When interviewing a state immunisation officer in one of the North East states, Kataria heard how there would need to be people, including the state organisation officers, medical professionals and technical experts who could go as a team and hold a session to clear any doubts for the school authorities and local community to feel secure with the vaccination programme.
For Kataria, it helped to reiterate just how important communication is going to be. “It’s something that needs to be really well done – myths and misconceptions that people will have about the vaccine is also a key barrier that we need to overcome.”
But even if the young women who are eligible for the vaccine, and their families, consent to the vaccine, the puzzle isn’t complete.
The next hurdle is cost. “We were actually told by a lot of health care providers that they themselves wouldn’t recommend the vaccine, because they think a lot of people can’t afford it.”
However, there may be a solution on the horizon, as a vaccine produced in India is expected to be approved in the near future. This could provide a more cost-effective alternative to the other vaccines currently available.
A vaccine produced locally could also address hesitancy at a Government level, Kataria comments. “The Government have a large focus on indigenous vaccines. We’ve seen that with COVID-19, a vaccine has been developed indigenously in the country and is being administered to the population successfully, safely and effectively.”
When this HPV vaccine is launched into production, with a significant cut in the cost, Kataria notes that there will be a surge in the motivation of the Government of India to integrate the HPV vaccine into the National Immunisation Programme.
Kataria adds that there are lots of valuable lessons to learn from the states that already have an immunisation programme.
“Both states of Sikkim and Punjab use schools as a vehicle to initiate vaccination. And they have found this strategy very successful, because there is an opportunity to get teachers and parents involved.
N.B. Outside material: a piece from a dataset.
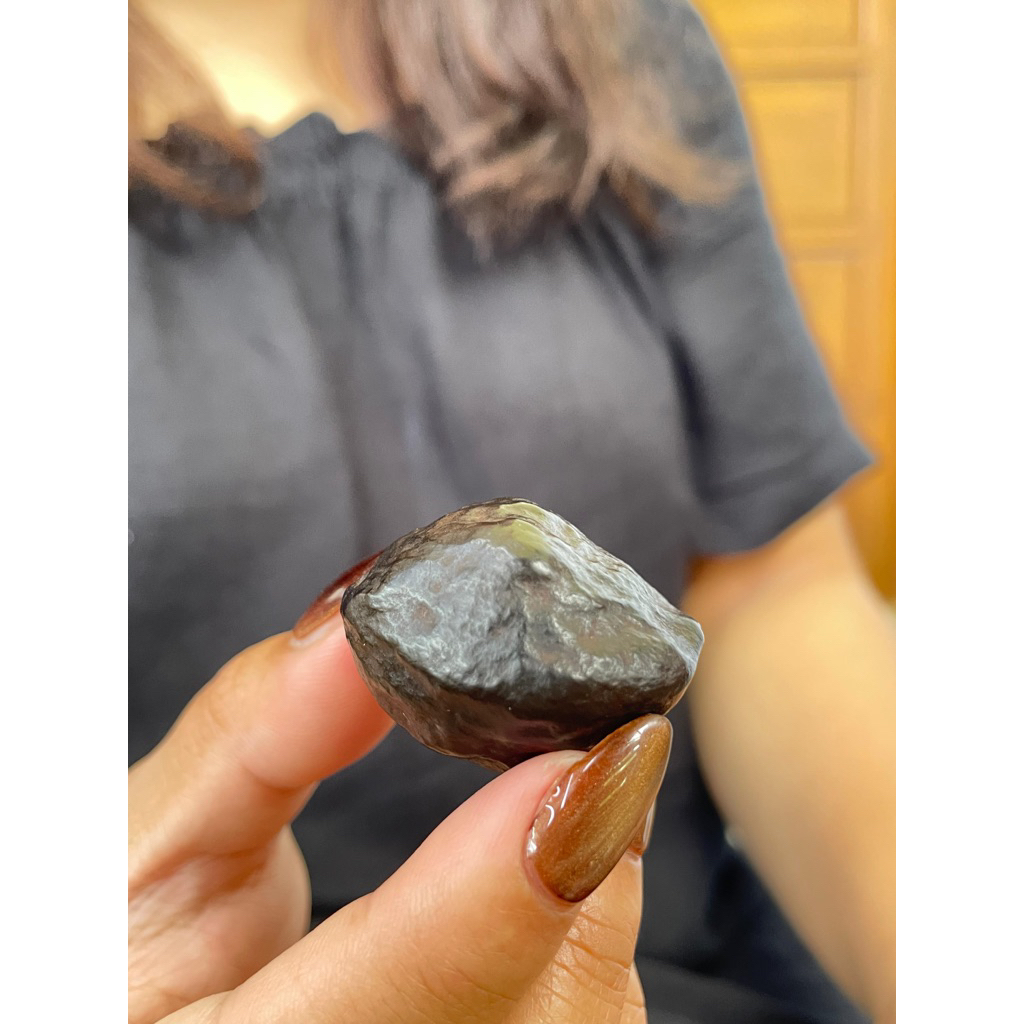 Muncang Adu Anak Wadas Semi Urgen siap tempur (Tinggal Pale)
The students place a lot of trust in teachers, so both these states have seen very high uptake through school-based vaccinations, and this method will need to be prioritised by other states as well.”
There’s still a way to go before any results of Kataria’s research project can be published, turned into policy briefs, and discussed with advocates and policymakers, but the team are gathering invaluable information every day.
And with the challenges that exist at each level, the solutions seem to point in one direction – that working together to get HPV vaccination included in the National Immunisation Programme would bring India closer to ensuring that cervical cancer is ‘eliminated’.
Despite the scale of the challenges, Kataria remains wholly optimistic. “India will definitely start HPV vaccination through its national immunisation programme. And we will have the girls who are in the eligible age category getting vaccinated. That is what I hope. And that is what I dream, and I’m quite optimistic that that will eventually happen.”